Reading The Wisdom of Crowds by James Surowiecki is a lucid reminder of the value of decentralization and diversity. Surowiecki identifies several methods of integrating diverse viewpoints in an organization, such as decision markets and aggregate voting. One I'd like to suggest is a wiki.
One of the major problems we are facing in the era of the Internet and intranets is that we have moved to a decentralized world without any good way to aggregate what each of us in the organization are doing. Surowiecki complains this makes humans like lost ants, and he's right. Decentralization only works when it is a decentralized system; still an integrated whole system. Otherwise, it's just a bunch of competiting smaller systems.
E-mail is the ultimate decentralized information system. We all go to e-mail because it's quick, it's easy, it's anytime, it's anywhere, it's anyone. That means that whenever the IT system we are mandated to use gets in our way, we jump directly to e-mail. Some of us only have e-mail, and so we have lots of little conversations, all over the place. The best part of e-mail is that everyone in your organization can use it, meaning that it's where a large part of your organizational creative sparks are flying.
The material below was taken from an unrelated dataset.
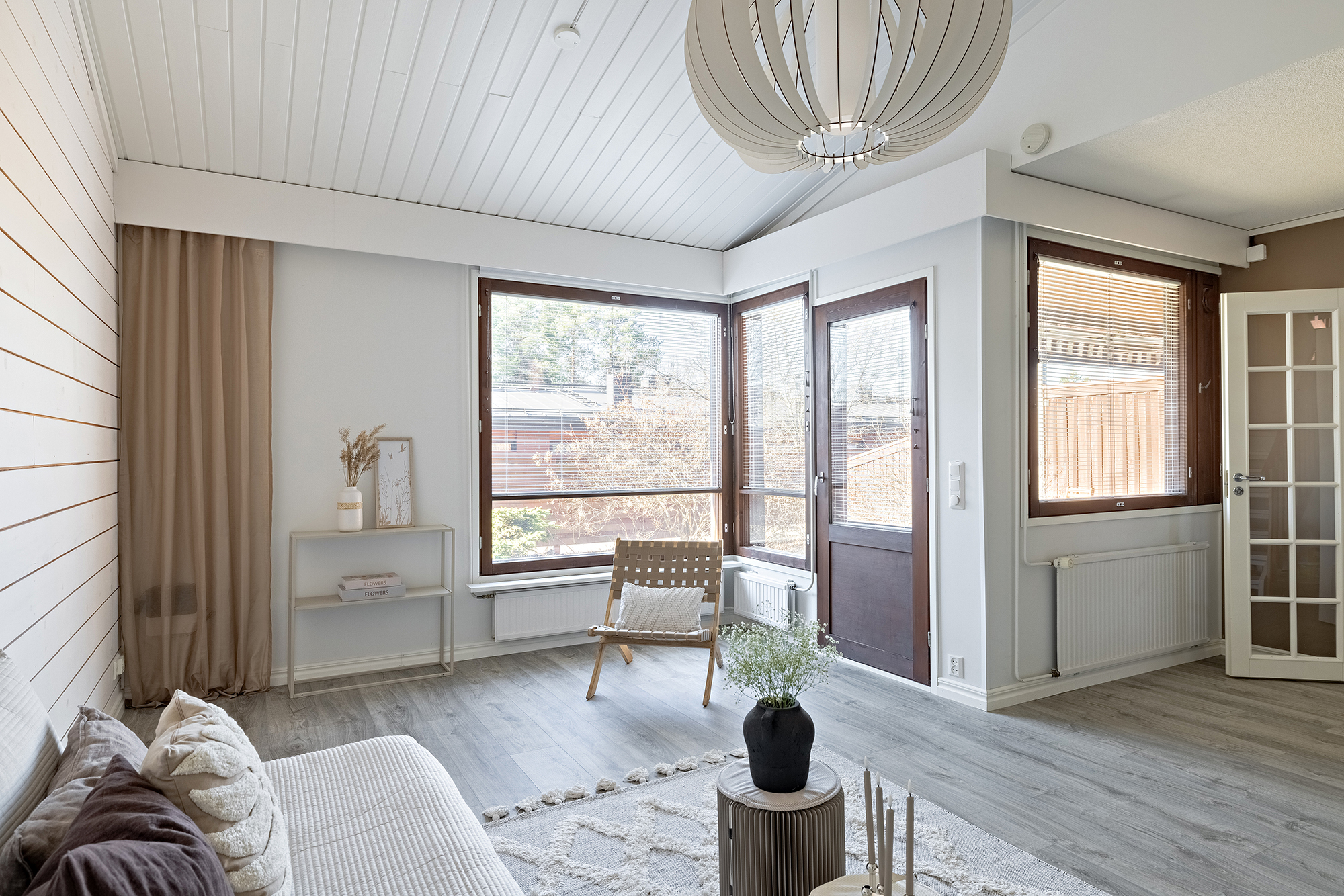 Ahmalantie 4, Mäntylä, Oulu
But how do those conversations get integrated, or aggregated in Surowiecki's terms? In somebody's head, which for any of us at the best of time is a pretty crowded and busy place. Typically it has to be your manager's head, or your manager's manager's head, or whomever the ultimate decision maker is. If that decision maker is busy, carbon copying her on every e-mail and hoping she gets it is bound to annoy her. Instead, all that information gets lost in people's inboxes, forgotten as time marches forward.
The solution is really very simple. Just use a wiki. The wiki is also anytime, anywhere, and anyone, just like e-mail. Except the wiki doesn't forget. Your organizational creative sparks get stored in a wiki until it has enough juice to power up an organizational lightbulb. With a wiki, it's so easy to integrate everyone's opinions. Just edit them together, exactly like writing an essay from point-form notes.
The key is that a wiki's brainstorm-point form-reform model is open to everyone in your company. Because it is accessible to everyone, it allows you to tap into the full collective intelligence of your entire company. Because you can reform and condense that intelligence down into knowledge and decisions, it helps push the whole organization forward just like in The Wisdom of Crowds, rather than just small parts of it. And the best part is that it doesn't overload manager's heads because everyone can do it. It's so easy.
If you don't believe it can be done, just look at Wikipedia. Every article there is a representation of this process. The whole Internet is invited to contribute what it knows, and it is all integrated into one article at a time.
It's pretty amazing what happens when everyone can pull together for the common good.